Prekop has always been something of a crooner; his delicate voice and whisper-thin melodies are pleasant, if somewhat milquetoast. The 11 tunes on his latest are like cotton candy for the late-twentysomething set -- the perfect soundtrack to a grad-school romance. A multi-instrumentalist, Prekop has a remarkable understanding of texture and space and employs both to evoke moods ranging from the seductively playful to the delicately melancholic.
The first track, "Something," opens with a delicate guitar arpeggio that drifts hazily over a gurgling synth line and staggered drum figure. Prekop's subdued vocals make the lyrics often difficult to decipher, but it doesn't really matter -- his singing is simply another pastel hue in the music's tonal spectrum.
The jazzy bounce of "Two Dedications" is engagingly simple. With its mellow sway and catchy refrain, the song achieves a laid-back intimacy that is often absent from his work with Sea & Cake. "Chicago People" shimmers like heat waves on blacktop; its muted horn lines stretch out over the mellow groove with tranquil refinement.
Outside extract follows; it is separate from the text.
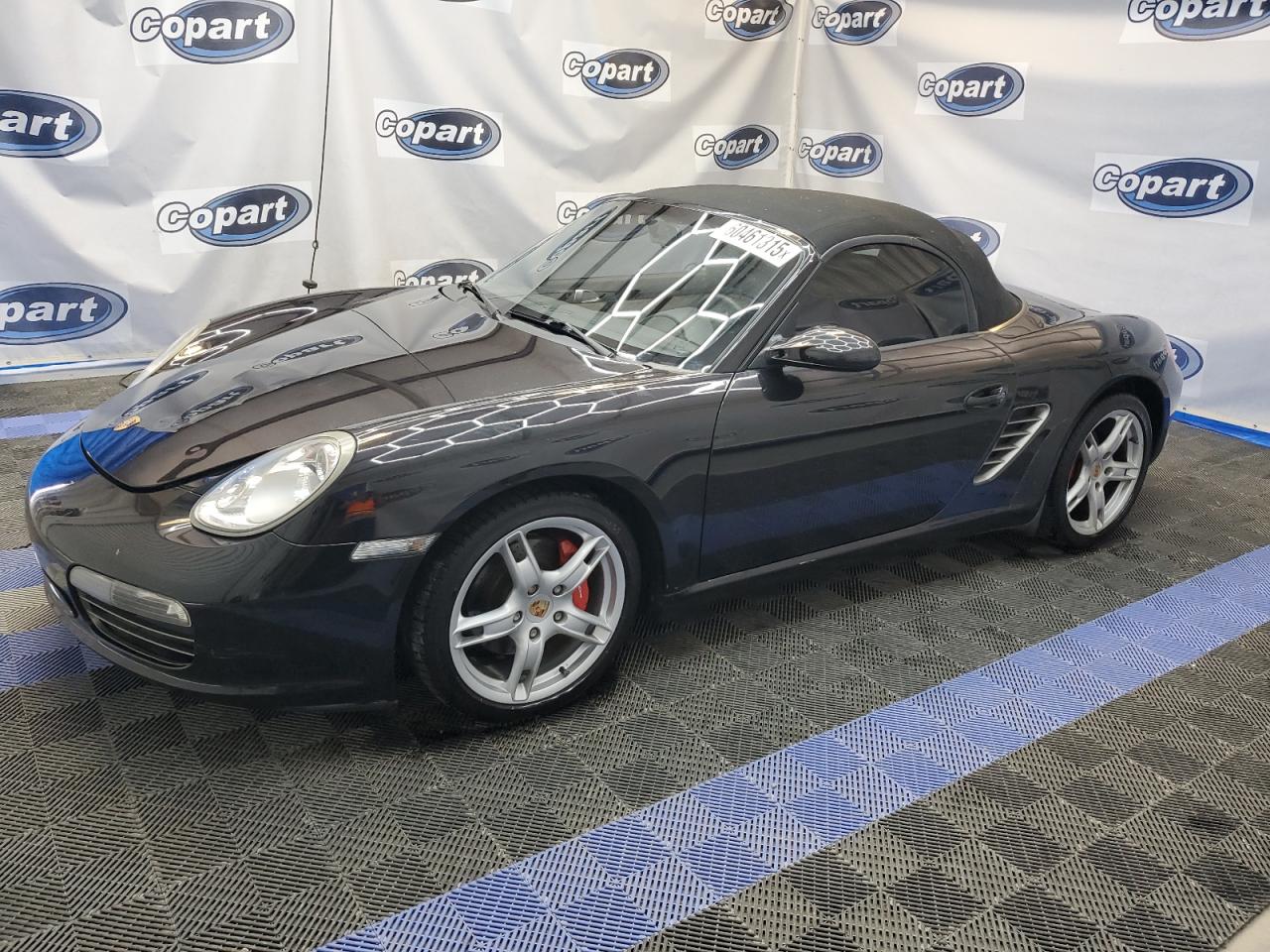 2005 Porsche Boxster S للبيع في Tifton، GA - Minor Dent/Scratches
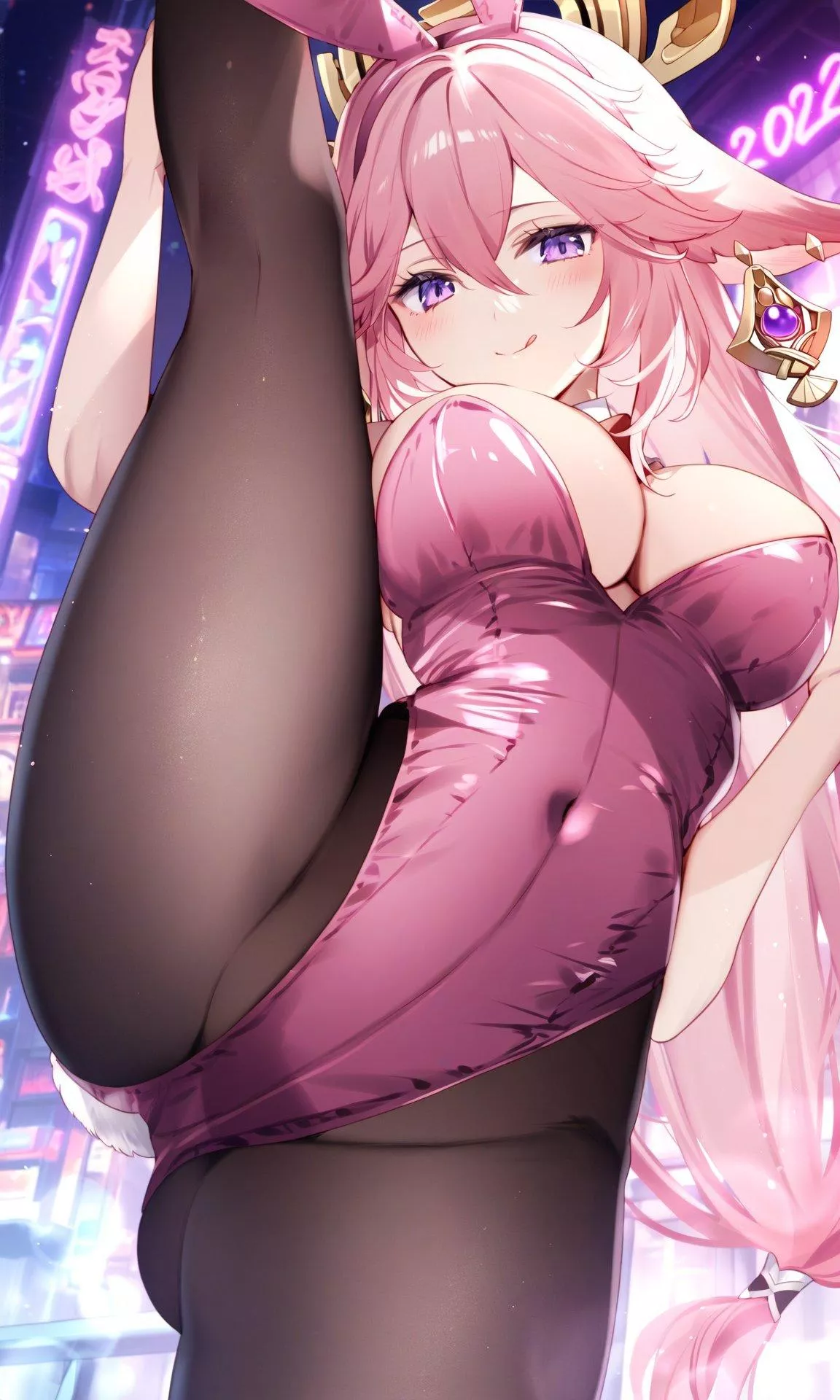 Bunny Yae [Genshin Impact]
Prekop's falsetto doubles the guitar melodies in the song's chorus, while the relaxed bass line fleshes out the lilting chord progression.
Perhaps the album's most upbeat number, "Little Bridges" features wah-wah guitar and crisp rimshots. Unfortunately, a studious distance prevents Prekop and his associates from really laying into it: Prekop's funk is restrained and symmetrical -- a post-modern approximation of r&b. Toms and cymbals rumble like far-off thunder on the graceful "Between Outside." Hushed and fragile, the song winds along slowly, bringing the album to a contemplative close.
Prekop's deft arrangement skills and broad musical palette are more sophisticated than your average acoustic strumming singer-songwriter. Yet if you strip away the jazzy inflections and production intricacies, you're left with what amounts to a soft-rock album -- the modern-day equivalent of a late '70s Al Stewart release. Not that there's anything wrong with that -- it's just something for the modern hipster to consider. Hear Prekop Wednesday, July 1, at Club Metronome with James Yorkston and Swale.